All lines up to and including the one that contains "Melissa Brassard's master" are to be transcribed exactly, starting from the first line of the records.
Exercise inputs: Begin
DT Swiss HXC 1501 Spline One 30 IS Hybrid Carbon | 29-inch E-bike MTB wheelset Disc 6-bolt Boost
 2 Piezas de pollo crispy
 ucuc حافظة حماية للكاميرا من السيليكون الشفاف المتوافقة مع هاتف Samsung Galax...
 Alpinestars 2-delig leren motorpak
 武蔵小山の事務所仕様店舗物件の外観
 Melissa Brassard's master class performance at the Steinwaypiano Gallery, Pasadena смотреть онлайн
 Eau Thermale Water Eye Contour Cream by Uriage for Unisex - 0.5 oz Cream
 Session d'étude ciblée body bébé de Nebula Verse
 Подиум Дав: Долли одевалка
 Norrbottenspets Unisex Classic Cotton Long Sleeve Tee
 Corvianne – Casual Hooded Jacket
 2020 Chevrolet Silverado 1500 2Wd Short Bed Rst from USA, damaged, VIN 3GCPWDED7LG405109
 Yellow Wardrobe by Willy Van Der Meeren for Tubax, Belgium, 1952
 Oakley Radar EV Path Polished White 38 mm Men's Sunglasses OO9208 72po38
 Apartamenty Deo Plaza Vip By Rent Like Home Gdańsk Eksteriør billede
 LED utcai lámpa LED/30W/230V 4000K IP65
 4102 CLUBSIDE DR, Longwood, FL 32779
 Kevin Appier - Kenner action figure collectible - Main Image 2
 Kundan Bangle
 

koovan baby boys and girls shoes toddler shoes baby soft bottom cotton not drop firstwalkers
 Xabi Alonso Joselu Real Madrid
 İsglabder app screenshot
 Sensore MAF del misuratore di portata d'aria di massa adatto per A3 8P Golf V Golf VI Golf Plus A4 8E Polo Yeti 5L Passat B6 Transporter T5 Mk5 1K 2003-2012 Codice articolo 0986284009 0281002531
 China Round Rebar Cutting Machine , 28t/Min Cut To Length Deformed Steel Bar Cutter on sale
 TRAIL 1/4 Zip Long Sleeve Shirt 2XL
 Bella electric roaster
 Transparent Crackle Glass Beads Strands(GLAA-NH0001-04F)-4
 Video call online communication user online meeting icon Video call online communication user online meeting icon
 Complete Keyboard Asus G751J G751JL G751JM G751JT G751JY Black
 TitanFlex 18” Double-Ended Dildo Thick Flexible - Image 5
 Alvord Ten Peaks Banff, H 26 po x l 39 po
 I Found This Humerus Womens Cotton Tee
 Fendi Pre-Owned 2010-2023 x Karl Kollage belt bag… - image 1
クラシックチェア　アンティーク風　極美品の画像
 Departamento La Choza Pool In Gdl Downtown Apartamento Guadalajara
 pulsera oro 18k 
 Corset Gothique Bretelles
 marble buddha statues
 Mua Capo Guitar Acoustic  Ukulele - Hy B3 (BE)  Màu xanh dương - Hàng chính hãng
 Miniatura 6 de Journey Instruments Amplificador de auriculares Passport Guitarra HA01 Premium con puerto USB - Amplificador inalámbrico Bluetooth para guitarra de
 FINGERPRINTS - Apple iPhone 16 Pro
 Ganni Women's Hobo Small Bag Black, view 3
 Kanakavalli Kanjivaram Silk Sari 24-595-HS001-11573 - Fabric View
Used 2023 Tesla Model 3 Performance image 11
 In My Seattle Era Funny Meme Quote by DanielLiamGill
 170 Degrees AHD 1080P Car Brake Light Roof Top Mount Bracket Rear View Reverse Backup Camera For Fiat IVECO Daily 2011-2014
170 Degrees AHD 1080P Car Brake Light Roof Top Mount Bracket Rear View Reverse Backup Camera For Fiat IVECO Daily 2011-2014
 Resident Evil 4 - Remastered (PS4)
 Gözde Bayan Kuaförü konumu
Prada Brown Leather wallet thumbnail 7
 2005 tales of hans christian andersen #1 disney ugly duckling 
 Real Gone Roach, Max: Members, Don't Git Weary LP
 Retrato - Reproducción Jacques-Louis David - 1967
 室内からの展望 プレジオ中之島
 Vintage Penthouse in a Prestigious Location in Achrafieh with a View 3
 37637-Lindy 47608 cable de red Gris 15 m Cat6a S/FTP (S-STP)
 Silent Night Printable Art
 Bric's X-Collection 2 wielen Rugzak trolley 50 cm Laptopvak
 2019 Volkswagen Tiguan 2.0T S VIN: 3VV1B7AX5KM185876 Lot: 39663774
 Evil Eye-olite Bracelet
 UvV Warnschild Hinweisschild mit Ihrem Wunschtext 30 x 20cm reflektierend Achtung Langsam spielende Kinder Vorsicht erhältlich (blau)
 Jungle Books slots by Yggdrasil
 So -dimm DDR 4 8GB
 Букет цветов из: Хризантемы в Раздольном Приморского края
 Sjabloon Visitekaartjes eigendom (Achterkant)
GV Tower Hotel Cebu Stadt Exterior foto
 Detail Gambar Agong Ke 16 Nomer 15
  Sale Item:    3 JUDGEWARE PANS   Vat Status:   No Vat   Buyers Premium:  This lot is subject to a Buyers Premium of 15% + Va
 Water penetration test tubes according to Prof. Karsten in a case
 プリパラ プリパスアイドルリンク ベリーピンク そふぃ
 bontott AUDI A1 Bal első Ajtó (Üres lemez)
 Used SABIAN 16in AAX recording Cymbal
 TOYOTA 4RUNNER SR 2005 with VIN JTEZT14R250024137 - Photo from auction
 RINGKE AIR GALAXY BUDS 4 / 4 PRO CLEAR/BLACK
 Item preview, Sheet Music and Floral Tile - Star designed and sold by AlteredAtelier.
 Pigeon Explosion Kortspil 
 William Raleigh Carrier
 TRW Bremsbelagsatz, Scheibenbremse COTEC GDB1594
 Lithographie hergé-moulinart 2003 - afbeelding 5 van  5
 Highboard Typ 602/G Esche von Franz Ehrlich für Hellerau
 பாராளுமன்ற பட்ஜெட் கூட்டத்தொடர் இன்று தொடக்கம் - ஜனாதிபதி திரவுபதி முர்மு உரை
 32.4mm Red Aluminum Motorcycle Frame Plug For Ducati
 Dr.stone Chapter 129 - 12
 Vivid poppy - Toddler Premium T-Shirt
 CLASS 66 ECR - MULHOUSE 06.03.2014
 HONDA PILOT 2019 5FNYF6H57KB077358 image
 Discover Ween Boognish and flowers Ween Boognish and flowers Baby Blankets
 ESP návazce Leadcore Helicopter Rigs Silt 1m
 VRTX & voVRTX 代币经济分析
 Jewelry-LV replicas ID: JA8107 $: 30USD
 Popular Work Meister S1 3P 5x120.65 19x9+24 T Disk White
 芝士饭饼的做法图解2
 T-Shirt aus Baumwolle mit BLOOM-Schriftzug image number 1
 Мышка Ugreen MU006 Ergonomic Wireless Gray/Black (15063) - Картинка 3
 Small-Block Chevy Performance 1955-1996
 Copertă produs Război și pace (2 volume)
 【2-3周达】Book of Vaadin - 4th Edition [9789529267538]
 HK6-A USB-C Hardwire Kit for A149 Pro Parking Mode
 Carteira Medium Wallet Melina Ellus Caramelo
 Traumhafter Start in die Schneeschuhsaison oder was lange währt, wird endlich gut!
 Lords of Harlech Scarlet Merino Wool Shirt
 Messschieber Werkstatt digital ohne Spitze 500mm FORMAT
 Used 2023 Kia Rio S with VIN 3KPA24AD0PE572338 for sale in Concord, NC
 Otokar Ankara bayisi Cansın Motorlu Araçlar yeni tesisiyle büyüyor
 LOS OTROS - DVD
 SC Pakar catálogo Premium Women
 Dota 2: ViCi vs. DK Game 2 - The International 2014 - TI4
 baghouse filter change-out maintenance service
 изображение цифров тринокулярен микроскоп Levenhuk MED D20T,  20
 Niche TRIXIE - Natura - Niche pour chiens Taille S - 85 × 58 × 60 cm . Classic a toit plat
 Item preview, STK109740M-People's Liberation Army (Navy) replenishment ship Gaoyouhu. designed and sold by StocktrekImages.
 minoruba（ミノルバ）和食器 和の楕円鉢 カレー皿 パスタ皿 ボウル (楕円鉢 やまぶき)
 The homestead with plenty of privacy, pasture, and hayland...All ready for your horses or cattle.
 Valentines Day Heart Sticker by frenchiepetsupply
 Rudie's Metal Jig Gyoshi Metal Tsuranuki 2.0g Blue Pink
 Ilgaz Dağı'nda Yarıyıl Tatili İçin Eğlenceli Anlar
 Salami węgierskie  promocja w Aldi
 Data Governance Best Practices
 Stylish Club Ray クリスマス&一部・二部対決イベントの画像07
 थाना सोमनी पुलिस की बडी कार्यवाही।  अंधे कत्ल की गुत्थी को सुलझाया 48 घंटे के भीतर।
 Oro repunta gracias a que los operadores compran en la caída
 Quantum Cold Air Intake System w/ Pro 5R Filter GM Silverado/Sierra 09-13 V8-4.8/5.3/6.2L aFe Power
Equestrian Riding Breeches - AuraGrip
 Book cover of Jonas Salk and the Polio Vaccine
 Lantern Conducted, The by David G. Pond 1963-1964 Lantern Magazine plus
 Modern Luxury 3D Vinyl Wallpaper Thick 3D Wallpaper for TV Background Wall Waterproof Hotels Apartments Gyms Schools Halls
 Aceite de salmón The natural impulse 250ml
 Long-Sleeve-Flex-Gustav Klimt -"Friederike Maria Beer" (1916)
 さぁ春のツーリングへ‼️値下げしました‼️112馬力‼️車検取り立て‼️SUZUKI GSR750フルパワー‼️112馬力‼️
Exercise inputs: End
__Your solution__:
DT Swiss HXC 1501 Spline One 30 IS Hybrid Carbon | 29-inch E-bike MTB wheelset Disc 6-bolt Boost
 2 Piezas de pollo crispy
 ucuc حافظة حماية للكاميرا من السيليكون الشفاف المتوافقة مع هاتف Samsung Galax...
 Alpinestars 2-delig leren motorpak
 武蔵小山の事務所仕様店舗物件の外観
 Melissa Brassard's master class performance at the Steinwaypiano Gallery, Pasadena смотреть онлайн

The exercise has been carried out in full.